This week, House Republicans are expected to hold hearings on issues related to responsible investing: 

As we head into the hearings, we expect to hear more of the same baseless, debunked attacks on responsible investing.  These attacks are being led by House Republicans on the Energy and Commerce Committee and the Oversight Committee who collectively have received over $16,000,000 (appendix A) in campaign contributions from big oil.  While House Republicans attack responsible investing to protect the special interests that back their campaigns, it’s important to keep in mind that these attacks hurt everyday Americans and are unpopular across the political spectrum.     

Attacks on responsible investing hurt everyday Americans, resulting in billions of dollars of losses from pensions and harm to local economies. 

  • The Kansas State Division of the Budget projected reduced returns of $3.6 billion over 10 years for the Kansas Public Retirement System if anti-ESG investment restrictions were adopted. 
  • The Arkansas Public Employees Retirement System estimated that they could lose $30 million to $40 million per year due to an anti-ESG bill that would require the State Treasurer and public entities to divest assets from certain institutions that use ESG-related metrics. The Arkansas Teacher Retirement System estimated that the system could lose an additional $7 million or more per year as a result of the legislation. 
  • An analysis by the Wharton School of the University of Pennsylvania and the Federal Reserve Bank of Chicago found that Texas municipalities will be paying $300 million to $500 million in additional interest because of the state’s anti-ESG law – and that’s just on the $31.8 billion borrowed in the first eight months after the law went into effect.   
  • An analysis by the economics consulting firm ESI for the Sunrise Project found that taxpayers in six states — Kentucky, Florida, Louisiana, Oklahoma, West Virginia, and Missouri — could be on the hook for up to $700 million in excess interest payments if restrictions on sustainable investing are implemented.
  • A 2022 study found Texas’ anti-responsible investing laws would result in up to $500 million in undue interest over the first eight months of enforcement, costs which would ultimately be borne by taxpayers in the state.

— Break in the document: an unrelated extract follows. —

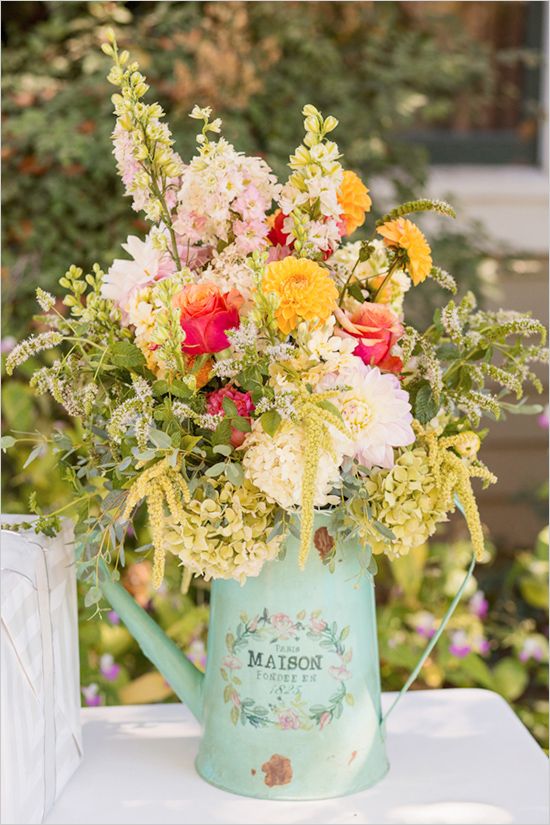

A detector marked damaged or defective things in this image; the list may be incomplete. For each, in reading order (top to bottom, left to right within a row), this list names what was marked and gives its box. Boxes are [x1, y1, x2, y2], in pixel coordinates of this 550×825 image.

Attacks on responsible investing are unpopular among Americans across the political spectrum.

  • Poll after poll shows that Americans do not support attacks against responsible investing. 
  • Both Democrat and Republican state officials have denounced these attacks, citing the economic impact of legislation that would block sustainable investments. 
  • More than half of national likely voters (53%) support their state investing public retirement funds in assets related to clean energy.

Self-interested special interests are behind the attacks on responsible investing. 

  • Fossil fuel companies are “the major driver in the fight against sustainable finance,” according to documents obtained by InfluenceMap.  
  • Leonard Leo, the conservative kingpin known for remaking the judiciary, has spearheaded several initiatives and organizations to target responsible investing.